Courtesy the Artist and Cade Tompkins Projects.

Camp Two — Mohamed III, 2008.

Gouache on Nishinouchi paper. 31 ½ x 41 ⅜ x 2 inches.
Courtesy the Artist and Cade Tompkins Projects.

I Was a Taxi Driver (I Also Sold Satellite Dishes) — Mohamed I, 2008.

Gouache on Nishinouchi paper. 31 ½ x 41 ⅜ x 2 inches.
Courtesy the Artist and Cade Tompkins Projects.

II Am a Farmer, 2008.

Gouache on Nishinouchi paper. 31 ½ x 41 ⅜ x 2 inches.
Courtesy the Artist and Cade Tompkins Projects.

I Did Not Have A Beard, 2008.

Gouache on Nishinouchi paper. 31 ½ x 41 ⅜ x 2 inches.
Courtesy the Artist and Cade Tompkins Projects.

The Broomstick Was Metal, 2008.

Gouache on Nishinouchi paper. 31 ½ x 41 ⅜ x 2 inches.
Courtesy the Artist and Cade Tompkins Projects.

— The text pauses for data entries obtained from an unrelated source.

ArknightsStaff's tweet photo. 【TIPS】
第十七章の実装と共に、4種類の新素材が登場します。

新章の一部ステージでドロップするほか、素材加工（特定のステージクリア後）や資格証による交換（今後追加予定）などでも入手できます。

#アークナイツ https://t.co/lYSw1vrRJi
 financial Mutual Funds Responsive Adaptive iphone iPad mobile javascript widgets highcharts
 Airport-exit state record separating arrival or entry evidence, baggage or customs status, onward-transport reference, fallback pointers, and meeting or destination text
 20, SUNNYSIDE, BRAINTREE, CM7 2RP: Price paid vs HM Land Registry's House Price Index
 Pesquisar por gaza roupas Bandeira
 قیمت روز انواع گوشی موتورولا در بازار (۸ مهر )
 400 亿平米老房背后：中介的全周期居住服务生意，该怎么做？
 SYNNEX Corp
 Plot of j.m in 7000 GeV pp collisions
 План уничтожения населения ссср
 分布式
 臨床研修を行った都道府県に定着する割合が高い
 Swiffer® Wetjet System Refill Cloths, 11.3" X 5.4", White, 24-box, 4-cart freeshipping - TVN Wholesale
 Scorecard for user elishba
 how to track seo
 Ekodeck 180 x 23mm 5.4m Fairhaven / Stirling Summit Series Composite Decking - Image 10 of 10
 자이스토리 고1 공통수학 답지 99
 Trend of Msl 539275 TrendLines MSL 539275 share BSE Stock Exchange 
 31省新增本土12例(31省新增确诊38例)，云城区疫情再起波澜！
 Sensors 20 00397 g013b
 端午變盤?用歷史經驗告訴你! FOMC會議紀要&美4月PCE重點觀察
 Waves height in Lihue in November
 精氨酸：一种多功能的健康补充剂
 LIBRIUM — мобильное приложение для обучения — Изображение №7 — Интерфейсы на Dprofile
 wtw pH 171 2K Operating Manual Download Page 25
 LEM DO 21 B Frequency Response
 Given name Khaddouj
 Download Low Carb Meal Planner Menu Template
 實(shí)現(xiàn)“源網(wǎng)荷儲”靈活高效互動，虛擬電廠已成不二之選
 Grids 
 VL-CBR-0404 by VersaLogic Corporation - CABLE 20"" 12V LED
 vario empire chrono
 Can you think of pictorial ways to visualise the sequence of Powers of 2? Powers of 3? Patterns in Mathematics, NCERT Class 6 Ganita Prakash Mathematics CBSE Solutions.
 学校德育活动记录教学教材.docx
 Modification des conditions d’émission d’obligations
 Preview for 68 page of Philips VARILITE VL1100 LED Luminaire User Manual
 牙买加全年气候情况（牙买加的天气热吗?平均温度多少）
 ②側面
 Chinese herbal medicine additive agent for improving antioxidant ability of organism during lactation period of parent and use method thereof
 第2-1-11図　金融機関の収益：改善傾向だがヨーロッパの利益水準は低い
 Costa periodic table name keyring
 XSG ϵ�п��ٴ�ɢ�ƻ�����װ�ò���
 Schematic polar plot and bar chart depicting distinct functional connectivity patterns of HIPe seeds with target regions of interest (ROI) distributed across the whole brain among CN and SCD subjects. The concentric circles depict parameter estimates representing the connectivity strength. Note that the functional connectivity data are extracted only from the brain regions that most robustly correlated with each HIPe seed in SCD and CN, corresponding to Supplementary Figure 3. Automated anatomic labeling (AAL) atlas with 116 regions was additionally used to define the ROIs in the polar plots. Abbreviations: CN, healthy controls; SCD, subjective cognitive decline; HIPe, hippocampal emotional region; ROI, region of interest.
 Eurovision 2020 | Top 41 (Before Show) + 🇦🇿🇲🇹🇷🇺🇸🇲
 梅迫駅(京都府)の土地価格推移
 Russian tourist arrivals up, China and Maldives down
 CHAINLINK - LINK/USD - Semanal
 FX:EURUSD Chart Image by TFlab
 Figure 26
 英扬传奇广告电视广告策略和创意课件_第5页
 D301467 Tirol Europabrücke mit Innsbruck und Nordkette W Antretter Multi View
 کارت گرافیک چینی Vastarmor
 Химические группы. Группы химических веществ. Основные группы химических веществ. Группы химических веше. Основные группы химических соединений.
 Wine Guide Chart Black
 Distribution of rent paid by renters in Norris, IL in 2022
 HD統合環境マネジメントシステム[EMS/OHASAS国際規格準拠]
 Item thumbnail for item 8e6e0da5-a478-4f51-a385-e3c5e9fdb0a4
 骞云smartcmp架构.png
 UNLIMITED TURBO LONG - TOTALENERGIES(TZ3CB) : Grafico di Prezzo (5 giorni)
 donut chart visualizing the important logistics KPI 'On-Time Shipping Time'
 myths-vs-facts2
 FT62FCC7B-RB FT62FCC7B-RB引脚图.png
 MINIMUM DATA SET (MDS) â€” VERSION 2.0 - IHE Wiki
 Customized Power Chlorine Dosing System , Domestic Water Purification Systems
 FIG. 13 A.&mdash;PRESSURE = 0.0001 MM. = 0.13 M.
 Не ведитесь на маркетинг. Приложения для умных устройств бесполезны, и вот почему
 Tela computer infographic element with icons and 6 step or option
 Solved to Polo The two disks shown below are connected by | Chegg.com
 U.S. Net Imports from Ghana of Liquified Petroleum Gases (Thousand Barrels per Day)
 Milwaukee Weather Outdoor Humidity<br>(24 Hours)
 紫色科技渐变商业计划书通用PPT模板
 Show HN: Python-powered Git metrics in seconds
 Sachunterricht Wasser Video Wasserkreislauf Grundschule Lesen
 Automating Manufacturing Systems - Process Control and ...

These pieces, taken from Daniel Heyman’s Portraits of Iraqis series, are placed at the intersection of art and personal history, portraiture and testament. Heyman made the portraits while sitting in on interviews between former Abu Ghraib detainees and Susan Burke, a human rights lawyer with Burke O’Neil LLC, Philadelphia. These portraits, from his 2008: August in Istanbul sessions, are expressionistic, capturing the swaths of color in the men’s faces as they tell their stories. They notably avoid the clichéd journalistic images we associate with Abu Ghraib and American military detainees, instead capturing the subjects with composed expressions, in civilian dress. Heyman allows the men’s words to convey the emotional weight of their pasts. In some portraits, the stories of torture and neglect collect in flourishes and spirals, conveying the storyteller’s personal style and imagination. Some settle over their speaker’s shoulders as though to comfort, and others march in regimented lines away from the speaker’s closed, pained face. Heyman’s compassionate portraits investigate the purpose of storytelling: is it a healing ritual or an act of revenge? Heyman presents the with respect for the storyteller, avoiding sensationalism, instead asking the viewer to face these men as equals who deserve to be heard.

Painter and printmaker Daniel Heyman was a Guggenheim Fellow in 2010. He teaches art at Rhode Island School of Design, Princeton University and Swarthmore College. Heyman holds an MFA from the University of Pennsylvania, and he lives and works in Philadelphia.